▶ [GIVEN RECORDS]:
---------------

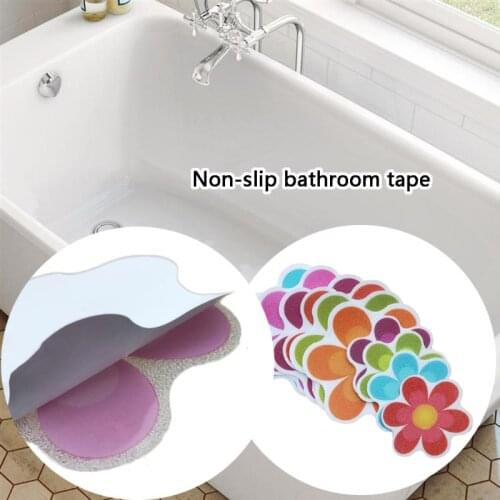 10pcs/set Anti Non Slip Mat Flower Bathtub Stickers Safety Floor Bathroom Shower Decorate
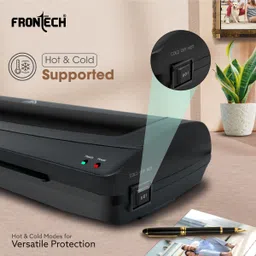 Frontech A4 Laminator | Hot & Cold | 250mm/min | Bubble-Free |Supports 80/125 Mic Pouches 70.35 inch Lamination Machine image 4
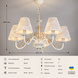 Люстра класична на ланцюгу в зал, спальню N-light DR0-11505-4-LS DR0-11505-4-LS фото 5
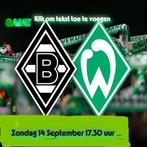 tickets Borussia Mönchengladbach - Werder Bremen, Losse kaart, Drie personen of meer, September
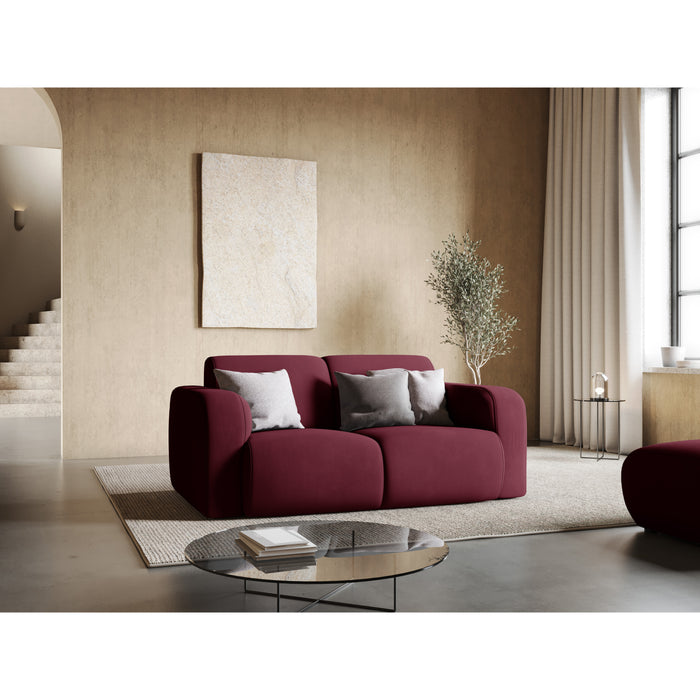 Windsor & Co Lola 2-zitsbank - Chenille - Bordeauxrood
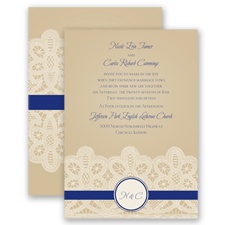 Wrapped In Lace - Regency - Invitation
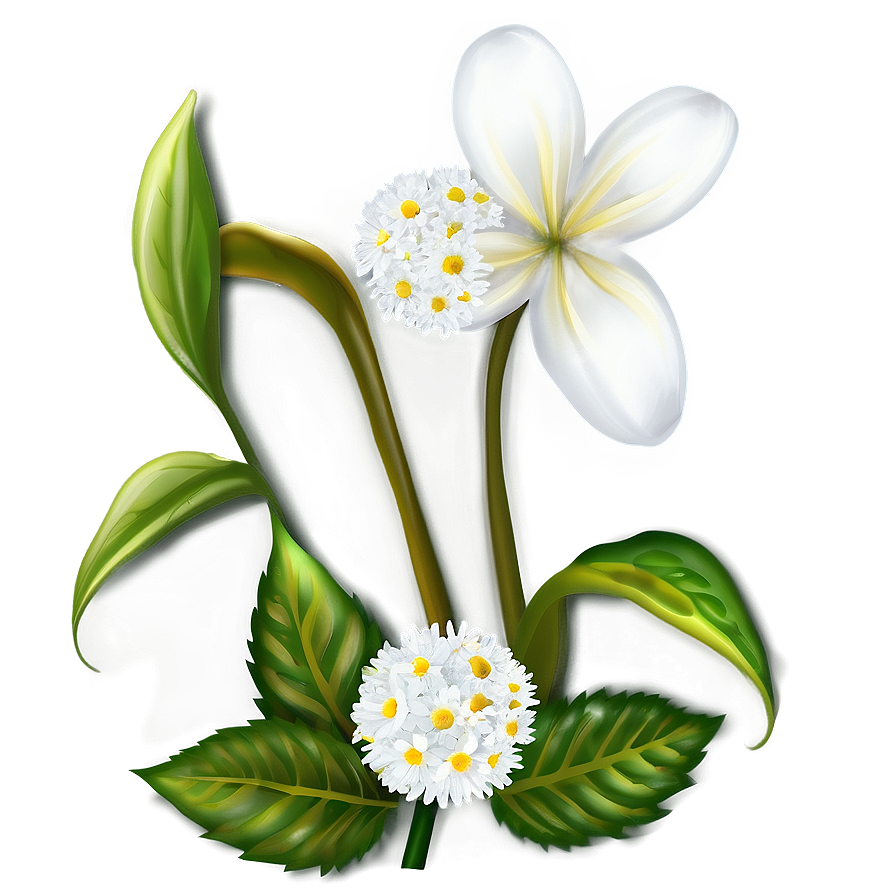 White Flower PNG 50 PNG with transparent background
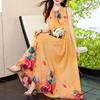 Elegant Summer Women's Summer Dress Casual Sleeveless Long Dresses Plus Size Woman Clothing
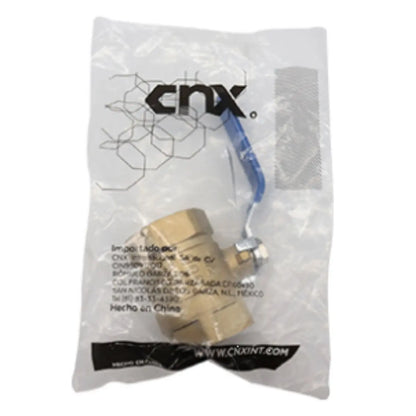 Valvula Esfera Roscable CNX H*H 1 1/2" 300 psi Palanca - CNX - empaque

---------------

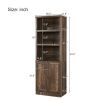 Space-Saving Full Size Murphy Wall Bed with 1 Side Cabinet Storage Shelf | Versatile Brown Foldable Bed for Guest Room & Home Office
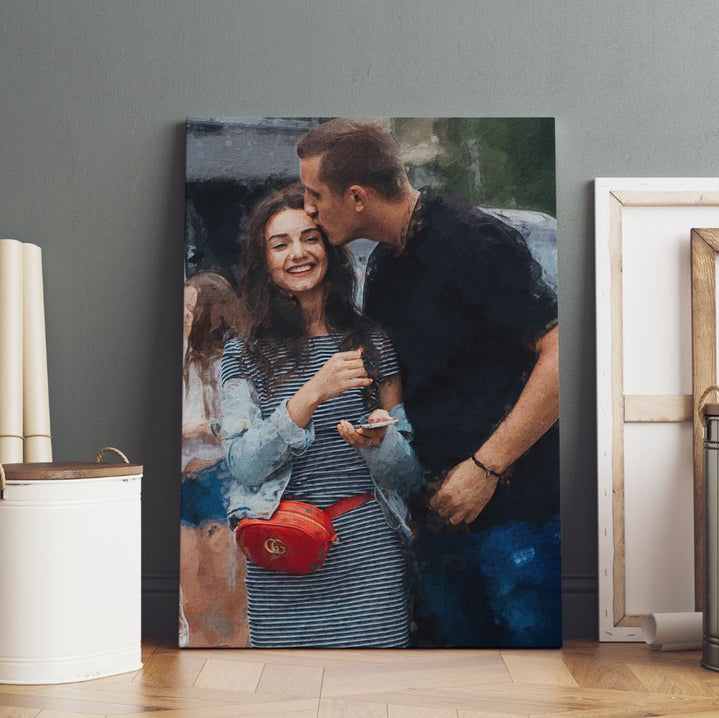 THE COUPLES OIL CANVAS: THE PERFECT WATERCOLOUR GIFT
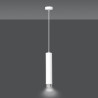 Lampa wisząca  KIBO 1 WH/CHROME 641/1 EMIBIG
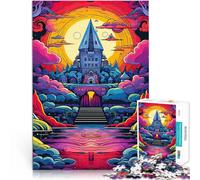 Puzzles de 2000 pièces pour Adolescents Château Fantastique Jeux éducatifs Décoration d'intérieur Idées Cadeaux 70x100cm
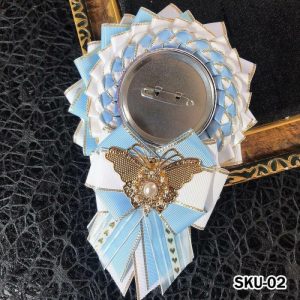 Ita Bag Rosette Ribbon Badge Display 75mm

---------------

Give the lines above again exactly, from the one containing "Wrapped In Lace - Regency - Invitation" to the one containing "Valvula Esfera Roscable", both included, but leave out the pictures.

 Wrapped In Lace - Regency - Invitation
 White Flower PNG 50 PNG with transparent background
 Elegant Summer Women's Summer Dress Casual Sleeveless Long Dresses Plus Size Woman Clothing
 Valvula Esfera Roscable CNX H*H 1 1/2" 300 psi Palanca - CNX - empaque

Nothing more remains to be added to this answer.